La cérémonie présidée par Delphine Lemaire, sous-préfète et directrice de cabinet du préfet à Foix et le chef d’escadron Hubert,Veillie, commandant la compagnie de Saint-Girons, dans la plus pure tradition militaire a été dirigée par le capitaine Johnny, Hardelin, adjoint au commandant de compagnie. Ainsi avons honoré un héros, résistant et discret de la Gendarmerie pour son 80ème anniversaire de sa mort en déportation.

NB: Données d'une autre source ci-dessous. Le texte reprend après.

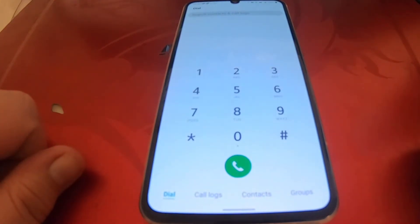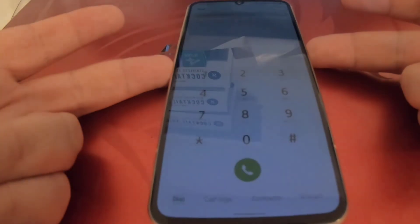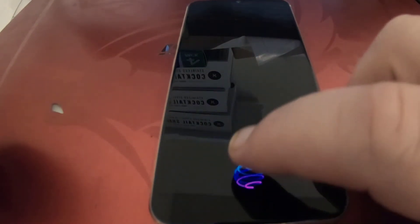All it was was one simple setting — enabling 2G so I could make phone calls. It seems like the phone does data over the 5G tower, but it wants to make phone calls using the 2G towers. Once I enabled that, I'm now able to use my phone and make phone calls.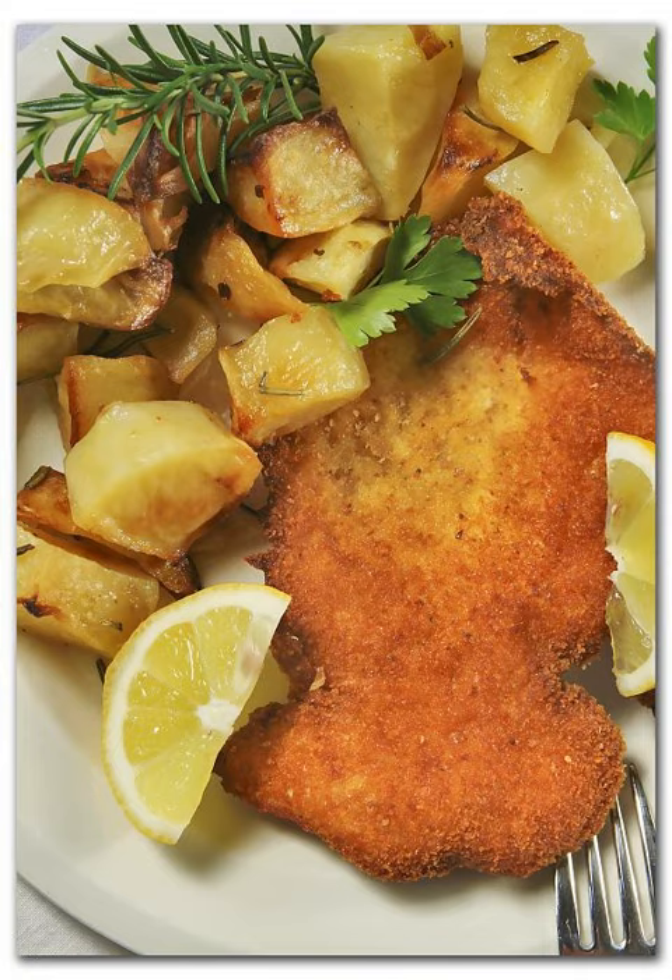One popular variation called the orecchio d'elefante, the elephant ear, uses a thinner but larger cut of boneless meat.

Une partie de la famille de Maurice, Keller était présente et représentée par son petit-fils Simon, Keller et ses deux enfants ainsi qu’Annabelle, Deroche sa petite-fille accompagnée de son époux et deux de leurs enfants. De nombreuses personnalités administratives, militaires, clergés, presses, ont pris part à cette cérémonie d’hommage accompagnées de 10 portes-drapeaux. Les membres du bureau et plusieurs adhérents de l’association étaient présents.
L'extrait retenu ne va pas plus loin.